Bioengineering meets construction
The breakthrough comes at a time when the construction industry is under increasing pressure to decarbonise. Cement production alone contributes to roughly 8% of global CO₂ emissions. At this year’s SynBioBeta: The Global Synthetic Biology Conference, the session “Conquering Carbon Emissions From the Concrete Industry” will highlight how bioengineered materials like this cement-hydrogel composite can help turn the tide.
Such innovations are gaining traction as governments and industry players look beyond incremental efficiency gains and towards entirely new paradigms for construction materials. With global smart city investments expected to reach over $1 trillion by 2028, materials that integrate energy functions directly into infrastructure are likely to play a leading role.
Challenges and commercial outlook
While the lab results are impressive, there are still hurdles to clear before we see energy-generating concrete in the real world. Manufacturing scalability, cost of materials, durability in diverse climates, and integration with existing construction practices all need to be addressed.
Nonetheless, interest in smart materials is growing fast. Researchers in Europe and North America are also exploring thermoelectric cements, albeit at lower performance thresholds. What sets this Chinese development apart is the bio-inspired layering and the combination of power generation with storage, which could dramatically simplify deployment.
And given the global momentum around carbon reduction and smart infrastructure, market conditions are ripe for early adoption—particularly in high-tech public transport networks, energy-conscious smart homes, and infrastructure-heavy megaprojects.
Looking ahead
The cement-hydrogel composite might just be the tip of the iceberg.

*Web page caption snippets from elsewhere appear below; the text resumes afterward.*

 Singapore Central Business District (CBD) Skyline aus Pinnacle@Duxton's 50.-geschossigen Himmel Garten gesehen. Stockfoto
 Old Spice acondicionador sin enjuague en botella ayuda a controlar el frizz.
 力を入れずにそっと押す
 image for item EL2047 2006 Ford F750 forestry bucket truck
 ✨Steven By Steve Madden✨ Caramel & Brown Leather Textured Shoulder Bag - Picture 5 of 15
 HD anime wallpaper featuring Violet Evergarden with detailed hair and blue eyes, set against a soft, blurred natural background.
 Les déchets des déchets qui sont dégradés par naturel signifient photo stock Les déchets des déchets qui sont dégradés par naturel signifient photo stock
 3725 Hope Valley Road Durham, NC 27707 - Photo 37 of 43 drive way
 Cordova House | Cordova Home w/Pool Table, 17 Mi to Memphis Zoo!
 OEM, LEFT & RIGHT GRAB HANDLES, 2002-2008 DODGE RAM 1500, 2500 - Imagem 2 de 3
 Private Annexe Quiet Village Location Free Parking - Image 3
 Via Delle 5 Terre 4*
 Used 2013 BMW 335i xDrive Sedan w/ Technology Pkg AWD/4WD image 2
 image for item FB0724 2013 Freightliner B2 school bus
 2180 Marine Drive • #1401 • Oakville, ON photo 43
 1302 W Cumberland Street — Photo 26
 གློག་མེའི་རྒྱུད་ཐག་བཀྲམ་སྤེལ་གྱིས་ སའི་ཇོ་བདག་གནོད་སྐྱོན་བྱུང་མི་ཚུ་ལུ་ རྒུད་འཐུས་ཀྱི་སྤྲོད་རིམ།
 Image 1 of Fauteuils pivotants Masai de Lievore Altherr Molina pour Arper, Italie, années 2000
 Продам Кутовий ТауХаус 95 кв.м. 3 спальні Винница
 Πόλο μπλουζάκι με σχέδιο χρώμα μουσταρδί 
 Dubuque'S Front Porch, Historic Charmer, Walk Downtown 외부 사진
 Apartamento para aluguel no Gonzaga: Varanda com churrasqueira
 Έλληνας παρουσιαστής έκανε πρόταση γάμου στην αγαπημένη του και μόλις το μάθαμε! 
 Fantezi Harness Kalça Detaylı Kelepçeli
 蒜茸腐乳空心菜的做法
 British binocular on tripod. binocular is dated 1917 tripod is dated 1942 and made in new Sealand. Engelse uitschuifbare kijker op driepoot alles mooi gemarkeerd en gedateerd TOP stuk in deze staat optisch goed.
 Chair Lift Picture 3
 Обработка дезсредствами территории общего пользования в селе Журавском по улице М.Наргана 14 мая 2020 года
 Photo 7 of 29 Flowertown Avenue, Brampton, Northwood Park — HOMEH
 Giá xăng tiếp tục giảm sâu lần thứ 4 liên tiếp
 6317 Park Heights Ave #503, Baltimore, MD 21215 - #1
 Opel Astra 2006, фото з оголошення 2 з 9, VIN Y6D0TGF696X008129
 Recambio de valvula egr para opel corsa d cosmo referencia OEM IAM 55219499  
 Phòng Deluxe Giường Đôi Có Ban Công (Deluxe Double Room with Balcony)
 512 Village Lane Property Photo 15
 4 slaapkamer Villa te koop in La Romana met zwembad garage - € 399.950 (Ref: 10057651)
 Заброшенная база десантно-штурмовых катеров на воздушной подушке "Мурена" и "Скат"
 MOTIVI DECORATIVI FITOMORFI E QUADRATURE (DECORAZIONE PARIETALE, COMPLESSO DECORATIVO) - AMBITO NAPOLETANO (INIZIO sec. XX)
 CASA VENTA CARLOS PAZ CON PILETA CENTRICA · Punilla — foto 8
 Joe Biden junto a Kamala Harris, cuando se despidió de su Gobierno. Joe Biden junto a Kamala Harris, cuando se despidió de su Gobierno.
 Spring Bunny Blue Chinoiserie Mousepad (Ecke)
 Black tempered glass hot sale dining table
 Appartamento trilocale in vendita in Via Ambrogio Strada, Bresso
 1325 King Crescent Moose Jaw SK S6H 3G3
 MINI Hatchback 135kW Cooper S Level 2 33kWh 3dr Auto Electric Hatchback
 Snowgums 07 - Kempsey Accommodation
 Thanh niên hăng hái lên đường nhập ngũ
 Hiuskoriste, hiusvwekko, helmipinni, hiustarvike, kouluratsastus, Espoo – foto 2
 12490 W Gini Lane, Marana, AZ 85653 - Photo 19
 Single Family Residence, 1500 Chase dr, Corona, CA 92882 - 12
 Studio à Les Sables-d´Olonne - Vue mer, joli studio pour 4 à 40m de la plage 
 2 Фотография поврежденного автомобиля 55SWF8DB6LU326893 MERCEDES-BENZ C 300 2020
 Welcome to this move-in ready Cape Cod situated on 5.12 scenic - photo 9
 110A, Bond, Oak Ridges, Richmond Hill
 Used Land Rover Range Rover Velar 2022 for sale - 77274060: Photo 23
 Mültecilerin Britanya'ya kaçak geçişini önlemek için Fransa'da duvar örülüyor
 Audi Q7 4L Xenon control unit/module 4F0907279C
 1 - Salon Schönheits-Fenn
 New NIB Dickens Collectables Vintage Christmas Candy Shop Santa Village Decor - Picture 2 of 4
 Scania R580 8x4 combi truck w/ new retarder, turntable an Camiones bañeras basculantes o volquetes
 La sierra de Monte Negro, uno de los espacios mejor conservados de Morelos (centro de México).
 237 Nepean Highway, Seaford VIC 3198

As research continues, we could soon see new classes of multifunctional materials that blur the lines between passive and active infrastructure.
As Professor Zhou’s team suggests, this new generation of materials won’t just support structures; they’ll think, sense, and power themselves too. That’s no small shift—it could reshape how we design cities, roads, and even entire communities.
Indeed, the fusion of energy and infrastructure has begun, and it’s no longer confined to blue-sky ideas. It’s mixing with cement, right here on Earth.
A Smart Step Towards Greener Cities
If the world is to meet its climate targets while building the infrastructure required for a growing population, innovation will be the name of the game. And sometimes, the smartest ideas lie hidden in the most ordinary materials.
Concrete isn’t going away anytime soon—but thanks to breakthroughs like this one, it may well be getting a powerful upgrade.